Tottenham Hotspur's 3-1 victory over Chelsea at Stamford Bridge has effectively ended the race for the top four and Manchester City's routine win at Everton leaves them one win away from sealing the title; there is very little left to play for at the top end of the table.
But the relegation battle is tighter than ever after West Ham's 3-0 win against Southampton on a weekend in which only two of the bottom nine didn't lose.
Here are three things we learnt from the weekend action:
1) Arsenal can play Aubameyang and Lacazette in the same team
Many onlookers were surprised when Arsenal shelled out £56 million for Pierre-Emerick Aubameyang so soon after spending £52 million on a very similar striker in Alexandre Lacazette, but against Stoke City on Sunday we finally saw evidence of how these two could function together under Arsene Wenger.
Stoke were tenacious and bold in their tactical approach at the Emirates, pressurising the back four into making mistakes and nullifying an attacking threat for long periods; Arsenal only had one shot on target in the entire first half. But that all changed after Lacazette was brought on to play alongside Aubameyang, offering the likes of Mesut Ozil two runners in behind that successfully stretched Stoke to breaking point.
The statistical changes are testament to the difference Lacazette made. Aubameyang had almost as many touches (17) in the final thirty minutes has he did in the first hour (19) while Arsenal managed nine shots on targets in the final third of the match compared to just two during the opening 60 minutes. Stoke were suddenly caught out by that extra runner, which helped Arsenal split open the defence over and over.
2) The performances of Alexander-Arnold & Robertson suggest they might be better off as wing-backs
Liverpool were very flat throughout the match at Crystal Palace on Saturday but eventually made the breakthrough after Jurgen Klopp took the surprise move of shifting to a back three with 15 minutes remaining. The performances of his two full-backs, who became wing-backs for that brief period, suggests we could see more of them in this role over the coming weeks.
In the first half Trent Alexander-Arnold was caught out of position twice by Wilfried Zaha (the second time leading to the opening goal), mimicking his difficulties against Manchester United when Marcus Rashford played down the left.
But in the final 20 he was relieved of defensive duties and looked far more confident higher up the pitch. More importantly, Andrew Robertson was also more threatening towards the end of the game. The Scotland international set up the winning goal from a very advanced position on the left side of the penalty area; Robertson would not have been so advanced had he still been playing as a left-back.

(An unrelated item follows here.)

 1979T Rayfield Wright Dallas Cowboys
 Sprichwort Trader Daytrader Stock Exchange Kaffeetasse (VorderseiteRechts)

3) Pochettino's half-time switch shows Eriksen is best in the middle
Tottenham Hotspur were very fortunate to go into half-time at 1-1 following a laboured and disjointed first 45 at Stamford Bridge in which the compressed lines of the Chelsea formation restricted space for their more creative players.
For the second half Mauricio Pochettino moved Dele Alli to the left and Christian Eriksen into central attacking midfield, subtly changing the game completely. Not only was Alli more effective now that he could make arcing runs from left to centre on the shoulder of the last defender (such as for his first goal) but Eriksen suddenly made use of the room that opens up around Cesc Fabregas.

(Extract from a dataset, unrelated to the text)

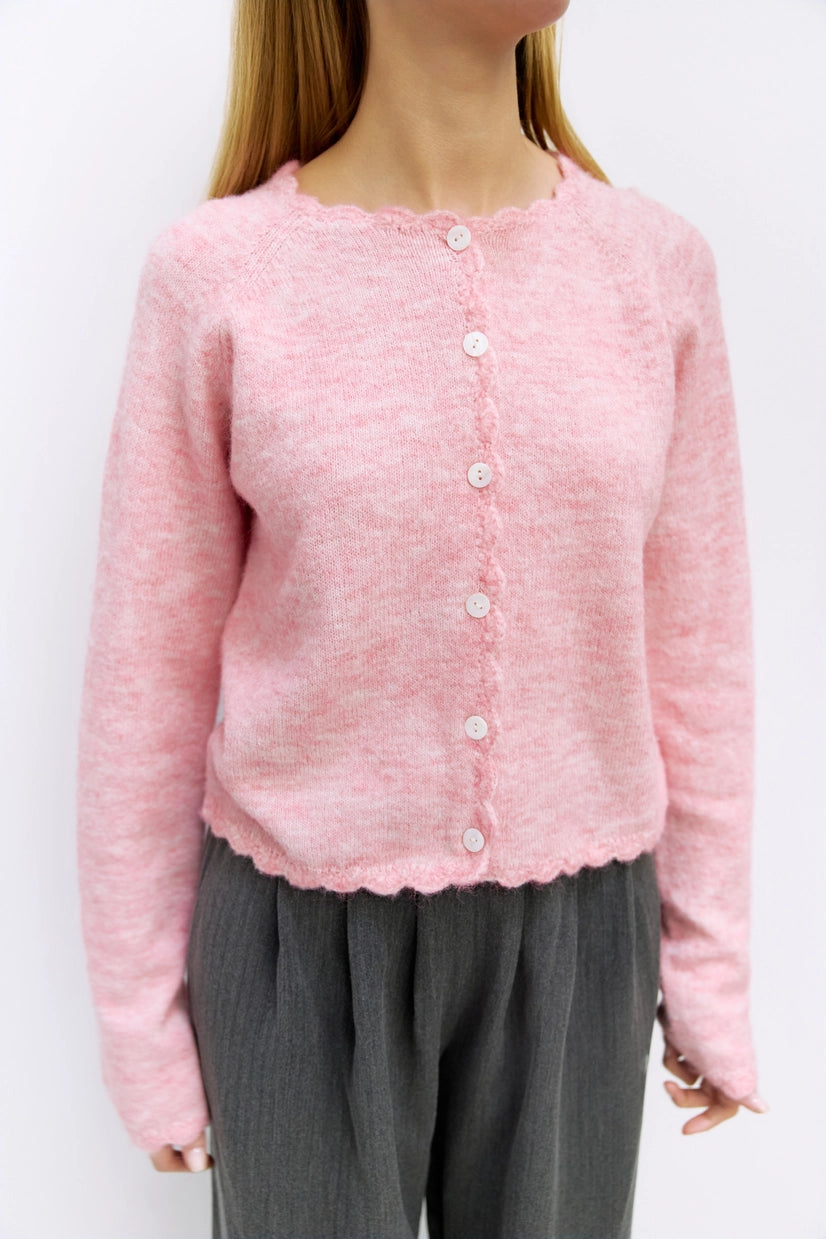 MARLOWE CARDIGAN - PINK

The Denmark international was instrumental, playing a superb no-look pass from attacking midfield to put Heung-Min Son in on goal ahead of Spurs' third goal. The lesson here is simple: always play Eriksen in the number ten role.
Best of the Week – Diame & Shelvey
Newcastle United are almost certainly safe after their 1-0 win against Huddersfield Town in which, yet again, the partnership of Jonjo Shelvey and Mohamed Diame ran the game. They took 169 touches of the ball between them and created six chances, while individually Shelvey played eight accurate long balls and Diame completed three tackles and three interceptions.
Worst of the Week – Southampton's 4-4-2
Considering Southampton have a new manager it was very surprising to see them roll over at the London Stadium in what was their biggest match of the season. Mark Hughes bizarrely played a 4-4-2 formation, which meant they were far too light in central midfield and found it very hard to play the ball into the strikers.
West Ham easily defended against their three flat lines, although in truth this match was more about desire and commitment. Southampton just didn't look interested.